The struggles, he said, were “a test for us.”
With the July 31 non-waiver trade deadline approaching, Garza and Dempster might not be around when the final grades are revealed. Both pitchers would be attractive for contenders, and with the Cubs building for the future, there is plenty of speculation that they could be on the way out.
Epstein and Hoyer were brought in to help turn around a team that fell apart after winning the division in 2007 and 2008, and bring the Cubs their first World Series title since 1908. No small task.
Then again, they helped build two championship winners and ended the Red Sox’ long drought in Boston.
Whether they can make the Cubs contenders next season remains to be seen.
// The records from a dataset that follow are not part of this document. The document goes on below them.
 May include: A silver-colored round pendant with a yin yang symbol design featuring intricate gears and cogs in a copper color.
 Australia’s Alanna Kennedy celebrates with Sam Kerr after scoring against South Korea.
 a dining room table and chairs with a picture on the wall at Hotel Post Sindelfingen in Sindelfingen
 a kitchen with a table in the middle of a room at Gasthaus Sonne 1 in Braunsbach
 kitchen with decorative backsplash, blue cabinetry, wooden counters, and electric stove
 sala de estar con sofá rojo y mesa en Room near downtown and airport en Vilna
“It’s the starting pitching that’s going to dictate everything,” manager Dale Sveum said. “You get quality starting pitching. I think our offense is going to gradually going to get better and better. But I think when you go into the season, you’ll still put a competitive team together. You have to have all the pieces, though.”
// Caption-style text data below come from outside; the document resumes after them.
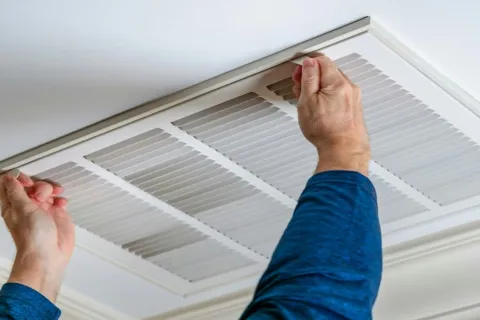 Person removing or installing a white ceiling air vent cover in a home interior.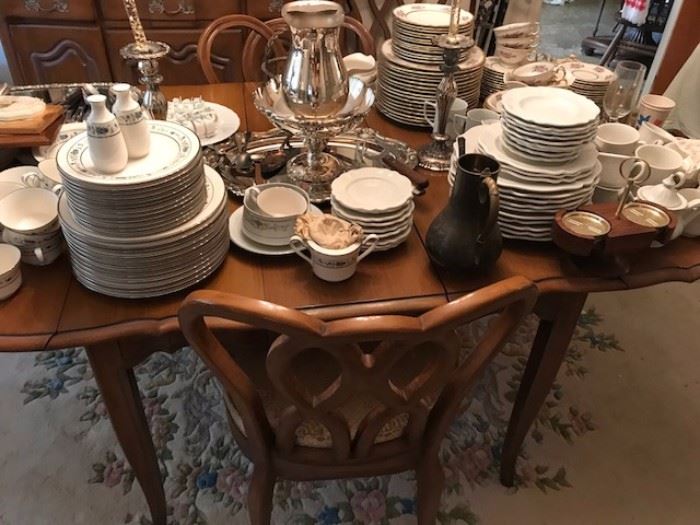 White Furniture Company "Lorraine" dining room table with leaves...loaded with china and silverplate.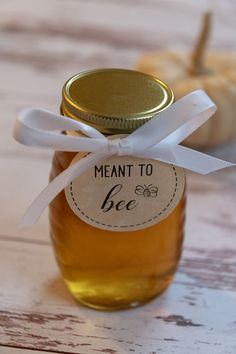 a jar filled with honey sitting on top of a wooden table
It is ironic that their top two starters are on the market, but the returns could be high.
Garza is 28, and with a 4.02 ERA, he is having a solid season even if his record is only 5-7. He has allowed three earned runs or fewer in all but four of his 17 starts.
Dempster, meanwhile, is throwing as well as anyone in the game.
He enters Friday’s start against the St. Louis Cardinals with 33 consecutive scoreless innings, five straight wins and a major league-best 1.86 ERA. The veteran can veto a trade and said he didn’t know of any imminent deals.
“It’s flattering for me to know that a lot of teams want you, but at the same time, I just worry about doing my job,” Dempster said.
So does the right-handed Garza, who said the rumors don’t faze him.
“It’s not like it’s my first time,” said Garza, who was acquired in a trade with Tampa Bay before last season. “I’ve been in rumors since 2006. It’s the least of my worries right now.”
If Dempster and Garza are dealt, the Cubs believe they have a potential ace in Jeff Samardzija.
Sveum has seen enough from the former Notre Dame football star to think he could lead the rotation even though he is just over halfway through his first season as a starter. Samardzija spent his first four years mainly as a reliever, but he has pitched well enough to convince the Cubs he can succeed as a starter.
“He’s that guy we all feel we have a chance of building a rotation on,” Sveum said. “We’ll see what happens here in the next couple of weeks. He’s that guy. He’s going to be that guy that hopefully we can build around and be the No. 1, be the No. 2 guy.”
Samardzija understands his role could be growing.
“I’m really trying to do everything I can today so down the road when you are relied upon, you’re ready to take the reins and do what you’ve got to do,” he said. “Is that the situation I want? Obviously, I want to be the guy, but it also would help to have Dempster and Garza throwing in front of you or behind you. You just don’t know what’s going to happen.”